Autoridades de Gaza e israelenses forneceram relatos conflitantes sobre o que aconteceu naquela noite. As autoridades de saúde de Gaza disseram que dezenas de pessoas foram mortas no tiroteio e os feridos foram tratados em hospitais por ferimentos de bala, enquanto os militares israelenses disseram que a maioria das pessoas foi pisoteada até a morte em uma “debandada” por ajuda alimentar ou atingida pelos caminhões de ajuda que tentavam se afastar da confusão.
Mark Regev, conselheiro especial do primeiro-ministro israelense, disse inicialmente à CNN que as forças israelenses não estavam envolvidas.
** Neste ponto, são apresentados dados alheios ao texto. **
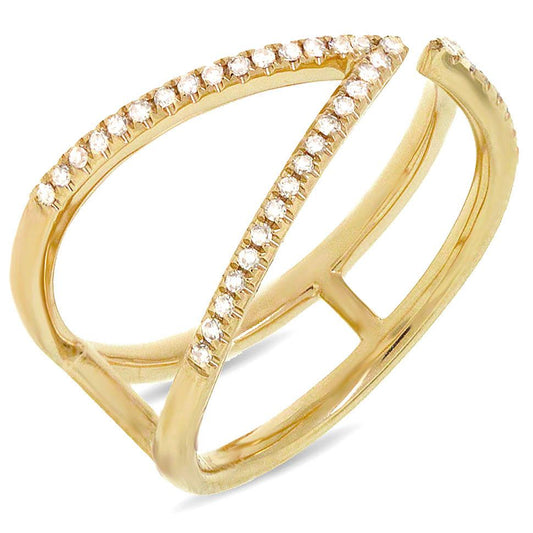 14k Yellow Gold Diamond Lady's Ring - 0.14ct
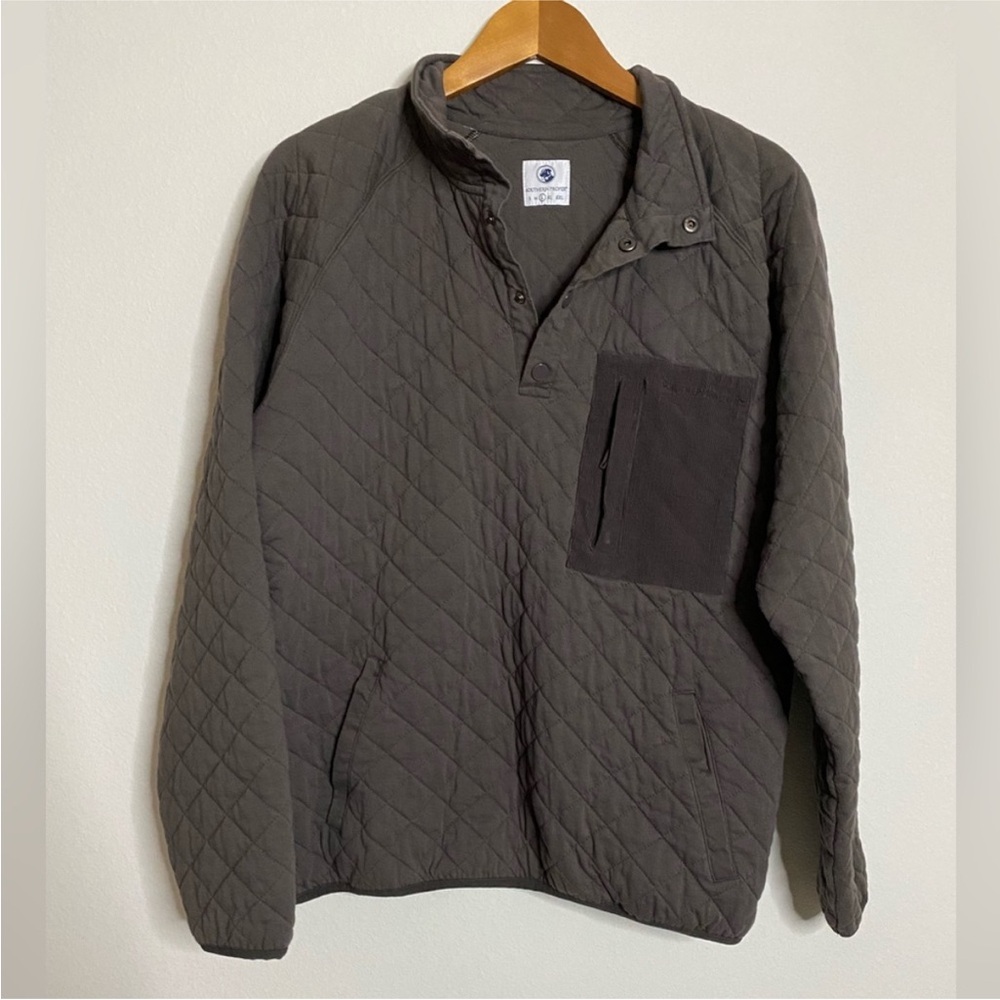 Southern Proper Quilted Pullover Jacket - Dark Gray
O contra-almirante Daniel Hagari, porta-voz das Forças de Defesa de Israel (FDI), disse logo depois que os soldados não dispararam diretamente contra os palestinos que buscavam ajuda, mas dispararam sim “tiros de advertência” para o ar.
Em 8 de março, após uma investigação interna, as FDI divulgaram um cronograma sugerindo que o comboio de ajuda começou a cruzar o norte de Gaza acompanhado por seus tanques às 4h29.
Um minuto depois, às 4h30, as FDI disseram que suas tropas dispararam “tiros de advertência” em direção ao leste para dispersar as multidões antes de disparar contra “suspeitos” que alegavam representar uma ameaça. Às 4h45, os militares disseram ter disparado mais tiros de advertência.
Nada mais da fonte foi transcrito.